Drummond on Team USA roster cuts: ‘I don’t plan on going home’
CHICAGO – Team USA’s first exhibition game tonight against Brazil is a big moment for Andre Drummond and he admitted Friday that he’ll enter the game with a sense of the import hanging over him. But it won’t be his last moment.
With the horrific leg injury that will cost Paul George his season, followed by Kevin Durant’s withdrawal from competition and finally an injury scare during Thursday’s practice to DeMarcus Cousins – he’s fine, but won’t play vs. Brazil – Mike Krzyzewski is proceeding with caution in paring his roster past its current 16.
“Everybody here will go through New York (where Team USA plays the Dominican Republic and Puerto Rico next week), at least,” Krzyzewski said after Friday’s practice here. “We don’t have to turn our 12 (in) until the day before we start playing in Spain. We’ve got to be careful because we’ve had guys injured and before you let anyone go, you’ve got to be as sure as you can.”
With Cousins out vs. Brazil, more minutes will be available for Drummond and the player against whom he might well be competing for a roster spot, Mason Plumlee of Brooklyn. Though Drummond has two NBA seasons to Plumlee’s one, it must be remembered that Plumlee is nearly 3½ years older than Drummond, who turned 21 this week.
Krzyzewski said last week that Drummond will be a big part of USA Basketball’s future, but he might not be a part of its present given some of his comments about Cousins and Plumlee of late. He talked on Friday about the familiarity that Kyrie Irving and Plumlee have with his system, having played for him at Duke. And it seems like Cousins is all but set for one of the 12 roster spots.

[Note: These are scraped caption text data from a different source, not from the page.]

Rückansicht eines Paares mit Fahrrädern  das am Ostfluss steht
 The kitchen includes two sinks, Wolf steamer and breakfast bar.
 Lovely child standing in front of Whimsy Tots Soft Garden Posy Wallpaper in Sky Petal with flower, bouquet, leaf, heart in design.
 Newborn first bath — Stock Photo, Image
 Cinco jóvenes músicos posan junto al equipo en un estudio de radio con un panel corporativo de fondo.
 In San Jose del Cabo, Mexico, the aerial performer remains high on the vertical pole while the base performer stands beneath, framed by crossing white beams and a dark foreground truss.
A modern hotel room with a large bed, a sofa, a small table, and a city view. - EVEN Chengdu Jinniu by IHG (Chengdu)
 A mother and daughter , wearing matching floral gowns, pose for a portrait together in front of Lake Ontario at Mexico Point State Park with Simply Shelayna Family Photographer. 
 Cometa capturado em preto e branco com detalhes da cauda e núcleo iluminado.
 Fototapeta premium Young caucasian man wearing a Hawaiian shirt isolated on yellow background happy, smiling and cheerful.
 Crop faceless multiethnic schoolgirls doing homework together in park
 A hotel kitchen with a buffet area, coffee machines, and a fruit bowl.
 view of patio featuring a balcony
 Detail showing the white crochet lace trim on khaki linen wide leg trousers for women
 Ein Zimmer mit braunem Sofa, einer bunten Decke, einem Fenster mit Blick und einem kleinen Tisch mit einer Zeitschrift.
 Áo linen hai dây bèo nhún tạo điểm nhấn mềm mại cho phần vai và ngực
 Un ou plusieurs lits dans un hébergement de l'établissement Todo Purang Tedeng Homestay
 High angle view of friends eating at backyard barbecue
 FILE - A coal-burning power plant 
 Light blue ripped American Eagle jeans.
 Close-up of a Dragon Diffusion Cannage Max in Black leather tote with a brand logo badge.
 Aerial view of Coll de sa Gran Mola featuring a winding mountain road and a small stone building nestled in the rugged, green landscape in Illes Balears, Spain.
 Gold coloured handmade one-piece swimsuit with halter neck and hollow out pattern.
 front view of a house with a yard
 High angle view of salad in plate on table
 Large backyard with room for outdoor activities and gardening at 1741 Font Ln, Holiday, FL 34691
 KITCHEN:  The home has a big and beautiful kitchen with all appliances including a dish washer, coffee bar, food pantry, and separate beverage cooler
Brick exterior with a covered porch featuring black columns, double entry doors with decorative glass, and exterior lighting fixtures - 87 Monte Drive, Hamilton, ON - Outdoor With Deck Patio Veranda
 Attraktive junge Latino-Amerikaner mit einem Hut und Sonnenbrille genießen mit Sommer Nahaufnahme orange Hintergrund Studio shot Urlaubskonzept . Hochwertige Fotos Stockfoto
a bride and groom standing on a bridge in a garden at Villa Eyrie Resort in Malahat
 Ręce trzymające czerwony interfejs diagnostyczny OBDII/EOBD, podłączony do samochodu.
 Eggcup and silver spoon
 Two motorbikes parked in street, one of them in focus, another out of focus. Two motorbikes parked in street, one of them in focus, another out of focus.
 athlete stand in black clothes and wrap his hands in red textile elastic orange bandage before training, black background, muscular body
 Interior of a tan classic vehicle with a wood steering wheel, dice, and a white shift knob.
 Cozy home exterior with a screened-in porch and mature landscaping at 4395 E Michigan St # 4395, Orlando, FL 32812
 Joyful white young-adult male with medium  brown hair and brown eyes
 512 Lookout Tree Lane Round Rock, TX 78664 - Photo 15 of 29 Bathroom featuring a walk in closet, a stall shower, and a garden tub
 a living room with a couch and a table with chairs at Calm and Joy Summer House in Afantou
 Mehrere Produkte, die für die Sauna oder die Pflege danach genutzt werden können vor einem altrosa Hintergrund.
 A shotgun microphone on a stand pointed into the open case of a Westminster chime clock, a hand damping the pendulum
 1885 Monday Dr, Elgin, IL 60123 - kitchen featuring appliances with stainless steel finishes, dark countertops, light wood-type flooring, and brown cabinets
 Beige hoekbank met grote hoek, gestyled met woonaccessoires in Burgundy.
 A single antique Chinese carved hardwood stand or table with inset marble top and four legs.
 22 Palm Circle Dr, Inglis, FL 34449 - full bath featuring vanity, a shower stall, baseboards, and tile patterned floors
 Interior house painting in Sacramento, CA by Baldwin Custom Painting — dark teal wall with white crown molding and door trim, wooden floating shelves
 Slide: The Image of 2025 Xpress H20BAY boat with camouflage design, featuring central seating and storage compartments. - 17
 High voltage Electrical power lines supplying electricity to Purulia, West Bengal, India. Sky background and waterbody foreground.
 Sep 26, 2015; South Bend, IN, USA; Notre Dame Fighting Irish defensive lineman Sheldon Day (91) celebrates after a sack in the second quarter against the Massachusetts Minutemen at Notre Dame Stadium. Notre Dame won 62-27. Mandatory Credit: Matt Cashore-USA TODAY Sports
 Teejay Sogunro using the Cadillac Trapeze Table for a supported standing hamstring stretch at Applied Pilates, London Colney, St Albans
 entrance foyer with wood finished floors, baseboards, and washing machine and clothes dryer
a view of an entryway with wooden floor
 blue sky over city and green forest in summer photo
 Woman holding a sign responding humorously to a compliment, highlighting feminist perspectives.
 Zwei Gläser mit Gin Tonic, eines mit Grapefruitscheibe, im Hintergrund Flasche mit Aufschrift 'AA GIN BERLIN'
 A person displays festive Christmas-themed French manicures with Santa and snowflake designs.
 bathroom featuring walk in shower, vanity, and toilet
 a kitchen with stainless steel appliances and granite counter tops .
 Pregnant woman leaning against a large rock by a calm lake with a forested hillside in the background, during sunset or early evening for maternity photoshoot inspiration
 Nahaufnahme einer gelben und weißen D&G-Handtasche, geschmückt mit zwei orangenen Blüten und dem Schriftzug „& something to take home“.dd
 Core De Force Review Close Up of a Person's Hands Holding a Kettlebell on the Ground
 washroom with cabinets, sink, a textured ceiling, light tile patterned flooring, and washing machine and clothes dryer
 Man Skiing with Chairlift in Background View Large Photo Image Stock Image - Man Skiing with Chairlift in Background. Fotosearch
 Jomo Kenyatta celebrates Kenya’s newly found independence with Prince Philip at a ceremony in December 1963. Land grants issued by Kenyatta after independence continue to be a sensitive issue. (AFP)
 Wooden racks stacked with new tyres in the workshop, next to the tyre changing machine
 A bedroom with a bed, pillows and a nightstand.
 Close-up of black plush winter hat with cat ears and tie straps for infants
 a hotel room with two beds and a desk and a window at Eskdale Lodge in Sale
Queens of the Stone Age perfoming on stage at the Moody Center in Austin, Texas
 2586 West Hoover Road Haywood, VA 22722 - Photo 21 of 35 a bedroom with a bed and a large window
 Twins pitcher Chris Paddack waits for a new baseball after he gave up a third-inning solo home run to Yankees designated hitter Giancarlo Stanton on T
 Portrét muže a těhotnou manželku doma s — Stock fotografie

When I asked Krzyzewski how the losses of Durant and George affected the offense and how that might in turn affect the selection of big men, he replied, “We were changing it a little bit because of the play of DeMarcus, anyway. We had started to put some things in.”
Drummond, for his part, is blocking all of that out and focusing on doing what he does best and making it difficult, if not impossible, for his name to appear on the cut list.
“I just control what I can do when I get on the floor and I’m going to contribute to the team,” he said. “Be an energy guy, run the floor, grab rebounds and finish strong around the rim when I do get the ball.”
Drummond was upbeat about his two days in Chicago – “I had a pretty solid couple of days,” he said – and Syracuse coach Jim Boeheim, a Team USA assistant, backed that up.
“I’m impressed,” he said. “He’s getting better and better. Big guys take time. Young big guys always take time and especially when they come out of college early. He’s physical. He gives you a physical presence out there that not many people can bring to the table. And he’s a good kid who works hard. He’s been fun to work with.”
Drummond wasn’t supposed to be ready to play as a rookie when the Pistons stole him with the No. 9 pick in 2012, but he wound up playing a major role as a rookie and cemented his place as one of the league’s future great big men. He wasn’t supposed to be a part of the United States national team just yet, either, but he’s ready for the future to be now.
“I don’t plan on going home,” he said of his ultimate fate with roster decisions looming. “I feel like I’ve done a pretty good job here these past couple of weeks really proving I could be a part of this team. We have a lot of great players out here. I’m not going to back down. I know what’s at stake. I want to win a gold medal.”